── INPUT MATERIAL ──

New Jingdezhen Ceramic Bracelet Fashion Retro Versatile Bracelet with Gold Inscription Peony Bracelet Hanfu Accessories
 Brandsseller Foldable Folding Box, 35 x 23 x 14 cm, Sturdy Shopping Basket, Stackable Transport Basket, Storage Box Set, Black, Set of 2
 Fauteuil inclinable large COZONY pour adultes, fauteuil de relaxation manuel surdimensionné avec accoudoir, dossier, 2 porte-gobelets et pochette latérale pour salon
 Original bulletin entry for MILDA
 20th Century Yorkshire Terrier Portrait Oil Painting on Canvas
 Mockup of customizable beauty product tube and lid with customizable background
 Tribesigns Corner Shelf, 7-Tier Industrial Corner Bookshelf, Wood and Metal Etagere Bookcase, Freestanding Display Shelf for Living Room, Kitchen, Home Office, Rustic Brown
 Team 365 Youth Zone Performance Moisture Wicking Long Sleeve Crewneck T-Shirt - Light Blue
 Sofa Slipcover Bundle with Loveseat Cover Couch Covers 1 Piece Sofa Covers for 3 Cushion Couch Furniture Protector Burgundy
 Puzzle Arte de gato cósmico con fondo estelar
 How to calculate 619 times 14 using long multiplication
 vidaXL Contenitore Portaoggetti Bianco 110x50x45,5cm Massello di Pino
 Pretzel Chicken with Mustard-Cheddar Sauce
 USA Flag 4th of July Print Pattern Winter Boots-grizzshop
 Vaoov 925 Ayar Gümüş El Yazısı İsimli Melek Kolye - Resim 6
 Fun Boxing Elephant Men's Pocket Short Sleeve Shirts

───

◆ TASK OBJECTIVE ◆
Using the entries, count how many lines contain the string "with". Write only the number.

◆ ANSWER FOR THE TASK ◆
4